My kids have been asking for a dog for years. My husband has been very close to giving in many times. I have never been a dog owner, and never felt a need to start. Cat's are so easy, so independent, so clean and unobtrusive. Dogs. You have to walk them, pick up after them, keep them penned at night, or allow them to smother you while you sleep. They bark and jump and chew and generally disrupt. My husband is allergic to dogs. We're safe, I thought. It was the perfect excuse to the kids, and they understood it.

A few months ago, a mini Dachshund walked into my husband's office. He told me all about it. I knew then we were doomed. "...so small, so quiet, so cute..." he said. "...you'd love this dog. So adorable..." he said. And then came the research. Emails flooding in to my computer from his - how big they get, how smart they are, etc etc. And then he started talking to the kids about it. Told them how cute these dogs are. "If we ever got a dog, I'd want one of those," he'd say.

"If we ever get a dog..." opening the doors to doom. I heard that door open a mile away, and saw my kids watching it open too - that crack in the no-dog-cement-wall that I had so sturdily built. It was beginning to crumble before my eyes. Almost daily I could see the loosening on top of the wall, and the pile of dust and rubble growing.

Dinner time conversations began to revolve around Dachshunds and we all began to notice them everywhere.

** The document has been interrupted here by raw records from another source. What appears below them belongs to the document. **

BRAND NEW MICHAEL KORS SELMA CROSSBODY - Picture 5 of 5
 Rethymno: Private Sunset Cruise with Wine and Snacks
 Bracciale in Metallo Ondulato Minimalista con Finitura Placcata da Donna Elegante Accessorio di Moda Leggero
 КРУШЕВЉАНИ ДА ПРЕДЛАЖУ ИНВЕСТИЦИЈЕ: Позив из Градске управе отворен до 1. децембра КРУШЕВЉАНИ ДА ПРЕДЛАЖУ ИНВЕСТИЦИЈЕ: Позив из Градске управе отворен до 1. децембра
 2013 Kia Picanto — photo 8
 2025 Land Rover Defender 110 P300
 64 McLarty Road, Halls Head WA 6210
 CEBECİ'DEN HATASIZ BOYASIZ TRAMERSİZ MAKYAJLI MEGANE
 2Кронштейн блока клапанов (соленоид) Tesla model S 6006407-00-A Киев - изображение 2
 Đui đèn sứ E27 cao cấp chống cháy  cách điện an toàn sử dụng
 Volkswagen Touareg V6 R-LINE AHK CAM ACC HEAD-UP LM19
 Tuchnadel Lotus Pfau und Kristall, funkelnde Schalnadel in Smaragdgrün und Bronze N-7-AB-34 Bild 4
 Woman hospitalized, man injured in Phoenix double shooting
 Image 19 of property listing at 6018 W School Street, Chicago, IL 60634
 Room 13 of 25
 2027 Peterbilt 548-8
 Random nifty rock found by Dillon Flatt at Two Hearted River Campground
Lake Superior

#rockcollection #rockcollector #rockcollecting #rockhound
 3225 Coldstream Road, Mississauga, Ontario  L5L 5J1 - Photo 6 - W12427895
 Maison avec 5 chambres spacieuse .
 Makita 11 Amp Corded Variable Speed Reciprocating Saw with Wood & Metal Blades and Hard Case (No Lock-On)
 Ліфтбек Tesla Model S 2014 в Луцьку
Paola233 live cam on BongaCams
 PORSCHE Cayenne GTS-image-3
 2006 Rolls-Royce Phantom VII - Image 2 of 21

On every corner, in every magazine. My kids began taking Dachshund books out at the school library, bringing them home and showing me. One day in the car my daughter announced, "If we get a dog, I want a Dachshund and I'm going to name it Bean. Isn't that a perfect name? BEAN."

With rapid succession, we were at the point where we were referring to "the dog." No longer an unfullfillable dream, but now an expectation, a PLAN. I'd come home from work and the kids would be searching for breeders on the internet. Late at night my husband would do the same. He'd tell me there aren't any in our state that he could find, but they can be shipped. He even talked to a couple of breeders. It was too late for just 'playing along'. I had to make myself clear. You all want a dog? Fine. But it ISN'T MY DOG.

That became my motto. IT'S NOT MY DOG.

The research and the search continued. The kids offered to use their own money, or earn their own money to get a Dachshund. My husband continued to look for local breeders. My daughter kept referring to "Bean" as if it were already a member of the family. I kept saying IT'S NOT MY DOG. I refused to make any dog related decisions - where to get one, how much to pay for one, should we get this one or that one, where should it sleep, etc. NOT MY DOG.

I refused to make any of the necessary phone calls. NOT MY DOG. I told my family, "I'm not feeding the dog. I'm not walking the dog. I'm definitely not cleaning up after that dog. And, if my cat eats your dog, it's not my fault."

So, this past Sunday, we drove North to a breeder to pick up our dog. No, THEIR dog. She's 7 months old. A mini Dachshund, black and tan. She weighs about 7 pounds. She's incredibly quiet, snuggly and friendly. She's pretty well trained already and comes to her name - which is BANDIT.

She is NOT MY DOG.

She just happens to be sleeping on my lap right now. I just happened to have taken her to work today. Just purely by chance I've fed her, walked her, picked up after her, bathed her and snuggled her. Just by chance. I didn't mean to walk her to my favorite coffee shop and introduce her to everyone. It just happened. Oh, and that little coat I'm thinking of making for her? Well, that's just so my cat won't think she's a kitty treat and eat her by mistake.